Needless nowadays to revive the controversies which the book excited; we know that the Court of Chancery disgraced a country pretending to civilization; we know that, not long after the publication of Bleak House, it submitted to certain reforms yet it is interesting to remember that legal luminaries scoffed at Dickens's indignation and declared his picture utterly unlike the truth. One of these critics (Lord Denman) published a long and severe arraignment of the author, disputing not only his facts, but his theories of human nature. This novel, asserted Lord Denman, contained all Dickens's old faults and a good many new ones. Especially bitter was his lordship on the subject of Mrs. Jellyby, whom he held to be a gross libel on the philanthropic cause of slave emancipation. Many readers, naturally, found subject of offence in Mr. Chadband. Indeed, Bleak House seems to have aroused emotions in England very much as Martin Chuzzlewit did in America, the important point being that in neither case did Dickens's satire ultimately injure him with his public; in the end, the laugh was on his side, and with a laugh he triumphed.
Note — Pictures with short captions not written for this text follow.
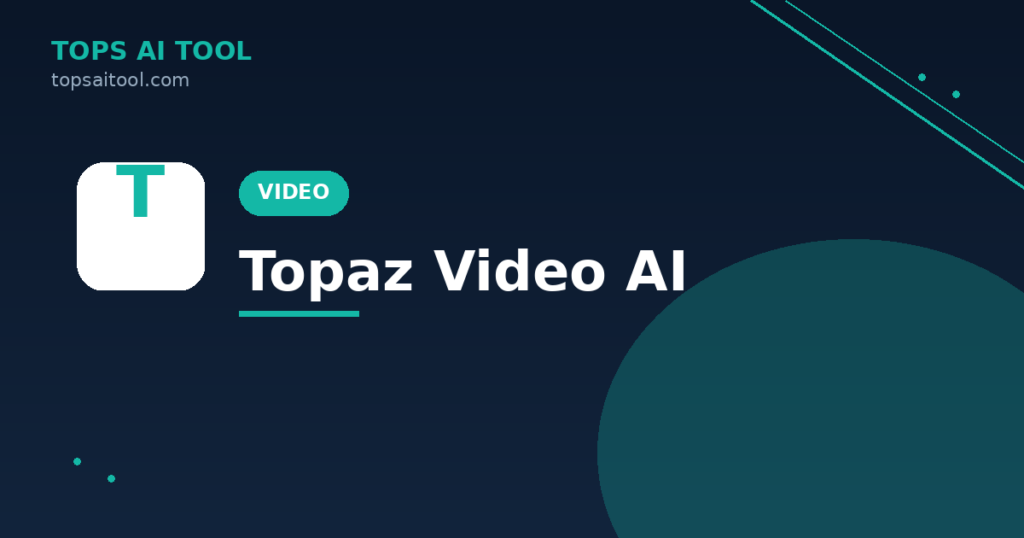 Topaz Video AI screenshot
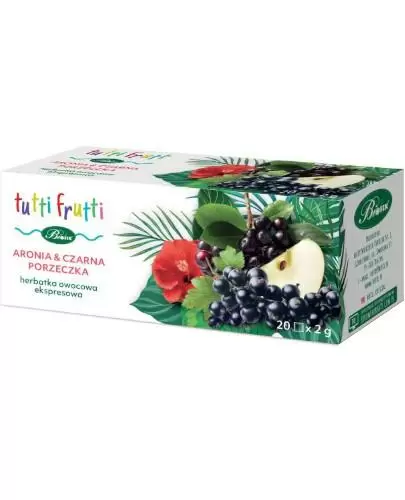 BiFix tutti frutti aronia i czarna porzeczka herbatka owocowa ekspresowa 20 torebek zdjęcie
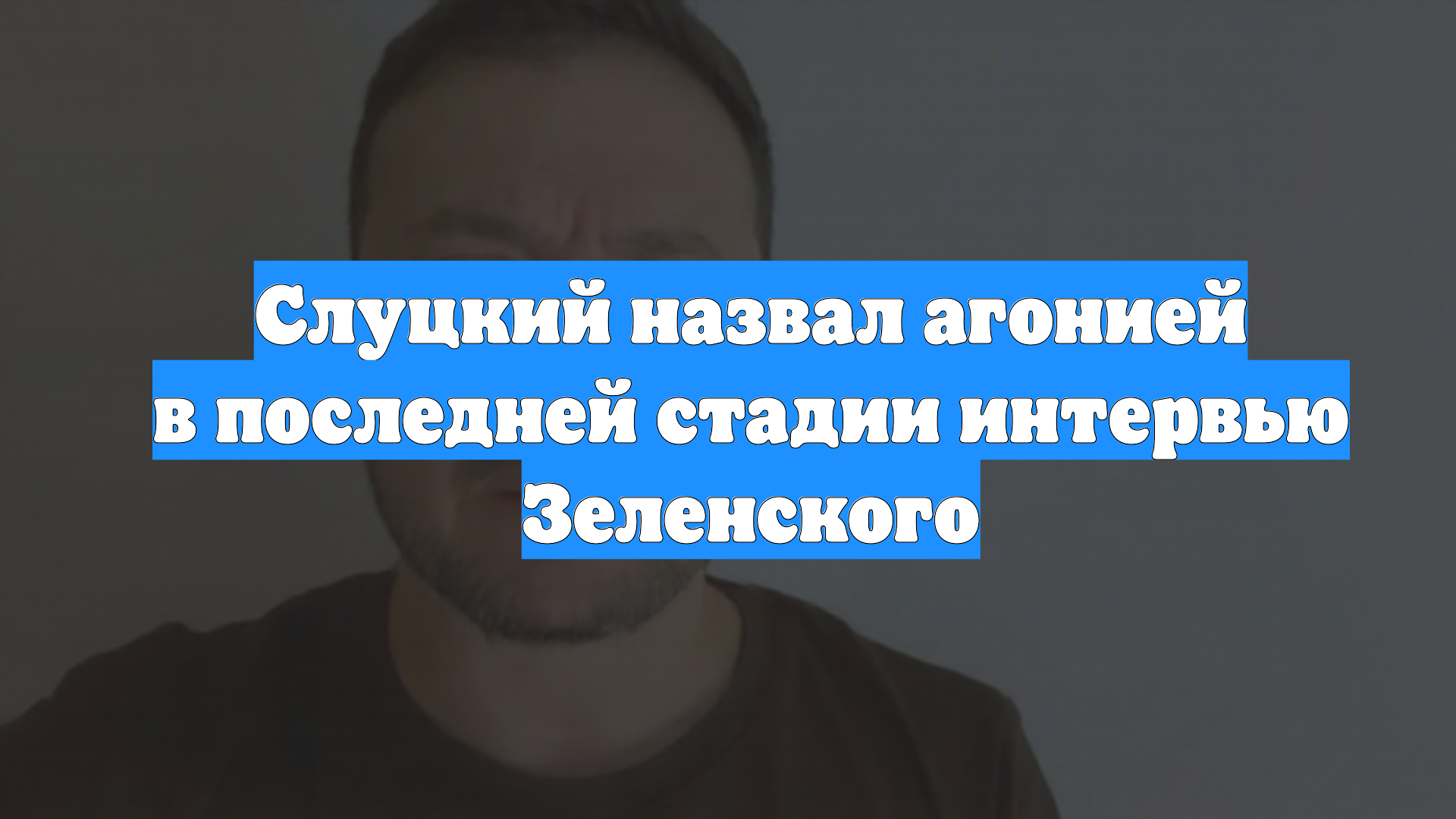 Слуцкий назвал агонией в последней стадии интервью Зеленского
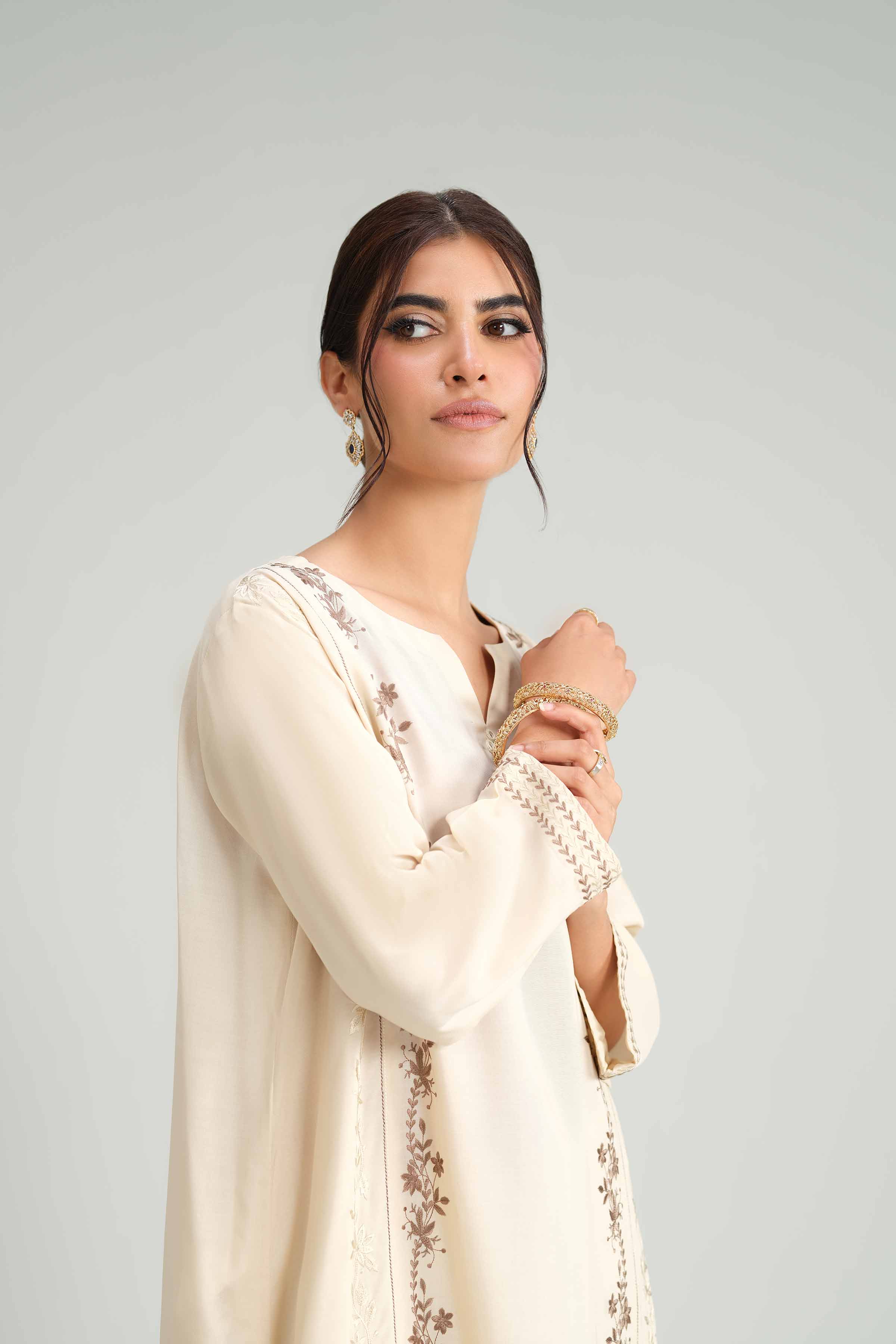 2 Piece - Embroidered Suit - KFW25-224 - Image 7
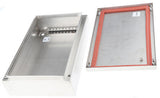 IP66 Stainless Steel 304 Enclosures, Industrial 300 x 200 x 81mm - SME37302008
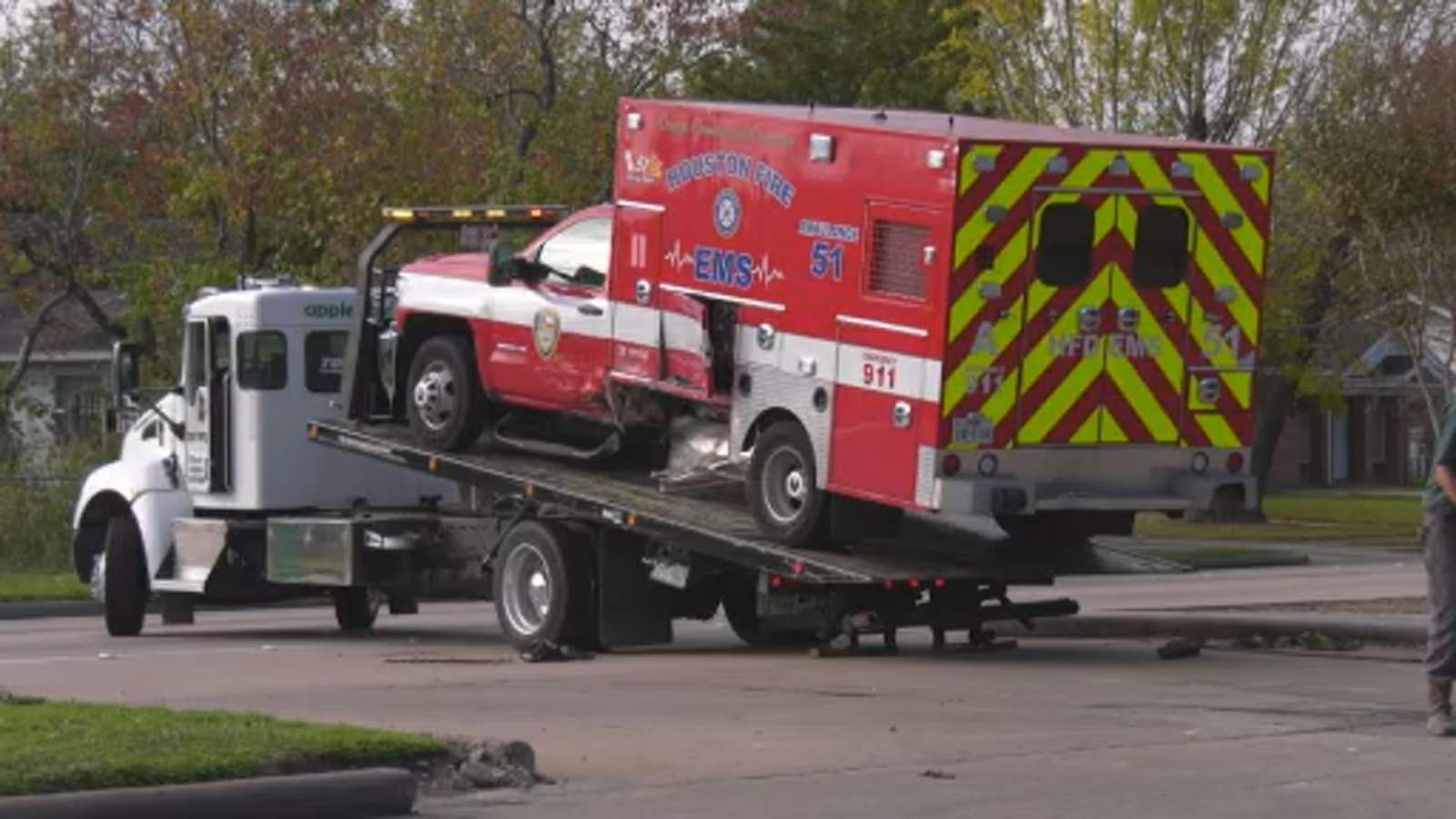 Suspected drunk driver strikes HFD ambulance outside fire station, police say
Not a little remarkable, when one comes to think of it, this immunity of the great writer. Humour, and humour alone, could have ensured it to him. It is all very well to talk of right prevailing, of the popular instinct for justice, and so on; these phrases mean very little. Dickens held his own because he amused. The noblest orator ever born, raising his voice in divine wrath against Chancery and all its vileness would not have touched the «great heart of the People» as did these pages which make gloriously ridiculous the whole legal world from His Lordship in his High Court down to Mr. Guppy on his high stool.
The satire is of very wide application; it involves that whole system of pompous precedent which in Dickens's day was responsible for so much cruelty and hypocrisy, for such waste of life in filth and gloom and wretchedness. With the glaring injustice of the Law, rotting society down to such places as Tom-all-Alone's, is associated the subtler evils of an aristocracy sunk to harmful impotence. With absurd precedent goes foolish pride, and self-righteousness, and every form of idle egoism; hence we have a group of admirable studies in selfish conceit – Harold Skimpole, Mr. Turveydrop, Mr. Chadband, Mrs. Jellyby. Impossible to vary the central theme more adroitly, more brilliantly. In Bleak House London is seen as a mere dependance of the Court of Chancery, a great gloomy city, webbed and meshed, as it were, by the spinnings of a huge poisonous spider sitting in the region of Chancery Lane; its inhabitants are the blighted, stunted and prematurely old offspring of a town which knows not fresh air. Perfect, all this, for the purpose of the satirist. In this sense, at all events, Bleak House is an excellently constructed book.